Daniel: The Importance of Being Relevant and Subversive by Richard Dahlstrom July 12, 2012

Theology should be done with the Bible in one hand and the newspaper in the other – Karl Barth

My “coffee with God” times are taking me through the book of Daniel these days, and I’ve been refreshed by finding a model for what it actually means to live right in the thick of culture without allowing oneself to be taken captive by culture.  Daniel had some food limitations that were presumably related to his Jewish faith, and held to those convictions as a captive in the midst of Babylon. Taken alone, this anecdote could lead to a sort of “we hate everything with the name Babylon on it” perspective.  That kind of mindset would lead to isolation and separation.  The faithful would end up reading only their own authors, listening only to their own musicians, and enjoying only their own artists.  Given the freedom and technology, they’d publish magazines, start schools and radio stations, hold concerts, and make every effort to avoid the prevailing evil culture.

This, though, wasn’t Daniel, because we’re also told that he and his friends where given knowledge and intelligence in every branch of literature and wisdom, and that Daniel spoke answers to questions posed by people of power with ten times the wisdom as comparable Babylonian youth.  He was, in other words, culturally relevant.  In today’s world he’d probably read the most widely read newspaper, and have some familiarity with contemporary thinking in lots of disciplines.  He’d know who Lady Gaga is, and why she matters in our culture.  He’d understand some things about the global financial crisis, and the Egyptian spring.

Like separation from culture, identification with culture also has it’s problems and can be taken to unhealthy extremes.  When our desire to be relevant outstrips our desire to be faithful, our attachments will soon become idolatry.  In our cultural context there are plenty of Christians who offer a wry smile to the notion of going to a Christian concert, because they’re so thoroughly in the culture that all forms of separation are suspect.  “Legalists” is their limbic brain assessment of everyone who’d rather listen to Hillsong than Mumford and Sons.

“Be careful relevant people – very careful.” I say this because it’s the relevant people, often, who are so thick into the culture that they become products of it’s forces, instead of light in the midst of it’s darkness.  When, in our desire to be culturally relevant, we adopt the financial, consumer, sexual ethics of that culture, we’re worshipping at the footstool of the culture’s idols.  As evangelicals, our rates of divorce, promiscuity, addictive behavior, and bankruptcy, are evidence that we’re so relevant that we’re  meaningless.

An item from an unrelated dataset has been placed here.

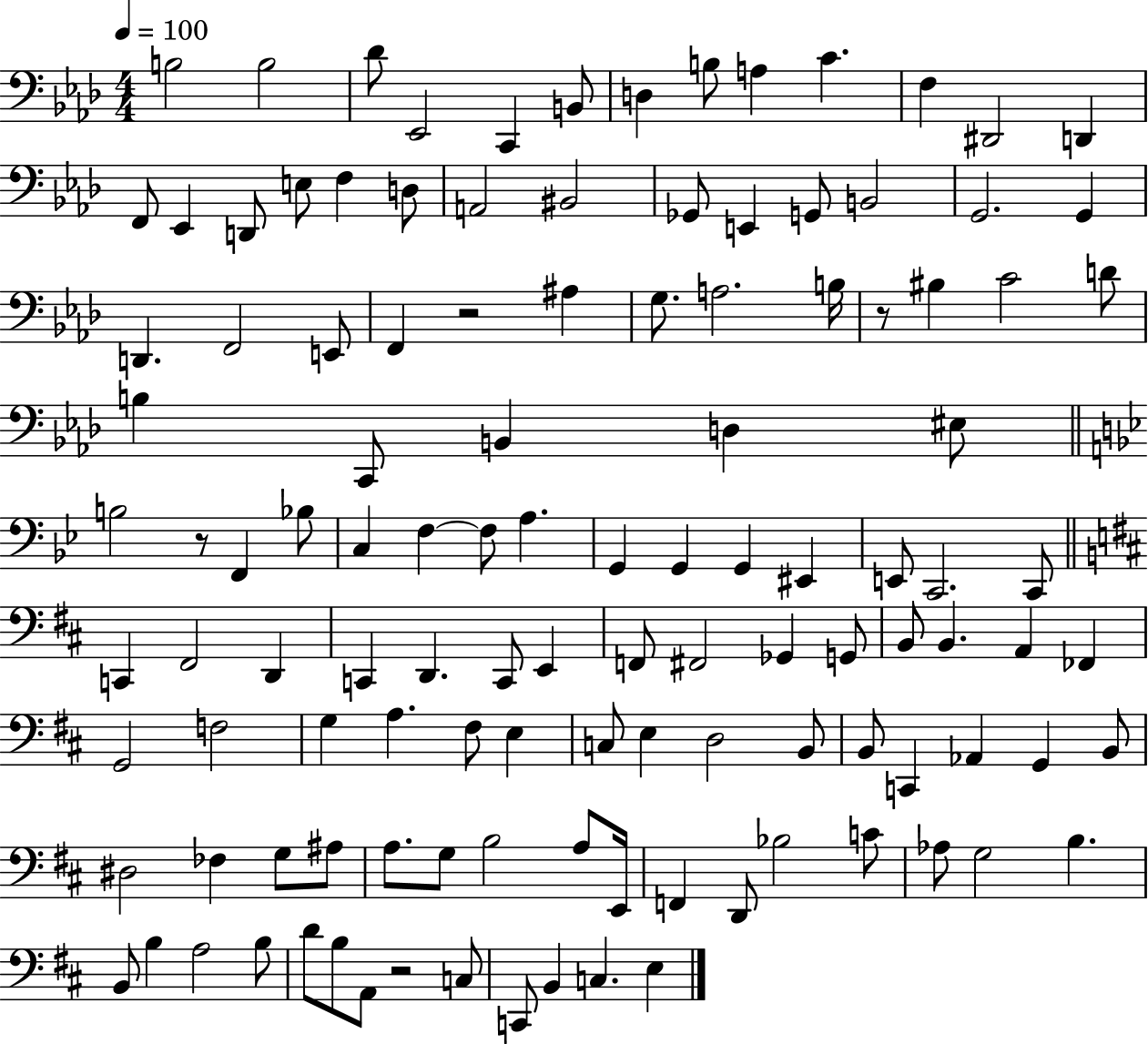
B3/h B3/h Db4/e Eb2/h C2/q B2/e D3/q B3/e A3/q C4/q. F3/q D#2/h D2/q F2/e Eb2/q D2/e E3/e F3/q D3/e A2/h BIS2/h Gb2/e E2/q G2/e B2/h G2/h. G2/q D2/q. F2/h E2/e F2/q R/h A#3/q G3/e. A3/h. B3/s R/e BIS3/q C4/h D4/e B3/q C2/e B2/q D3/q EIS3/e B3/h R/e F2/q Bb3/e C3/q F3/q F3/e A3/q. G2/q G2/q G2/q EIS2/q E2/e C2/h. C2/e C2/q F#2/h D2/q C2/q D2/q. C2/e E2/q F2/e F#2/h Gb2/q G2/e B2/e B2/q. A2/q FES2/q G2/h F3/h G3/q A3/q. F#3/e E3/q C3/e E3/q D3/h B2/e B2/e C2/q Ab2/q G2/q B2/e D#3/h FES3/q G3/e A#3/e A3/e. G3/e B3/h A3/e E2/s F2/q D2/e Bb3/h C4/e Ab3/e G3/h B3/q. B2/e B3/q A3/h B3/e D4/e B3/e A2/e R/h C3/e C2/e B2/q C3/q. E3/q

Daniel shows us a different way.  He’ll live fully in the culture, literate of it’s ways, icons, values, literature, and arts.  He won’t, however, bow down to the king, even if the king kills him.  We can’t either, whether the king be shopping, sexuality, nationalism, military might, body image, upward mobility, pleasure, or any other thing.  Jesus is Lord, means just that – there’s one king only.  We’ll spend the rest of our lives learning what that means, but that learning begins with a mindset that is committed to being shaped in every area of our lives by Christ.

I can see Daniel talking history and literature with Babylonians and living in the thick of it all.  I can also see him being, in every way, distinct, being carried by the winds of the Jehovah through each of his days, rather than being subject to the whimsy of Babylonian brands and trends.  No matter where you are on the relevant/separate spectrum, all of us could stand to learn a bit from our friend Daniel. The people who challenge me the most don’t live in caves – they’re in the thick of the arena, but somehow, by their own faith and the mercy of God, manage to keep from being bit by the lions that are hungry, and everywhere.

What’s your story?  Too relevant?  Too separate?  How can we help each other live fully in, but fully not ‘of”?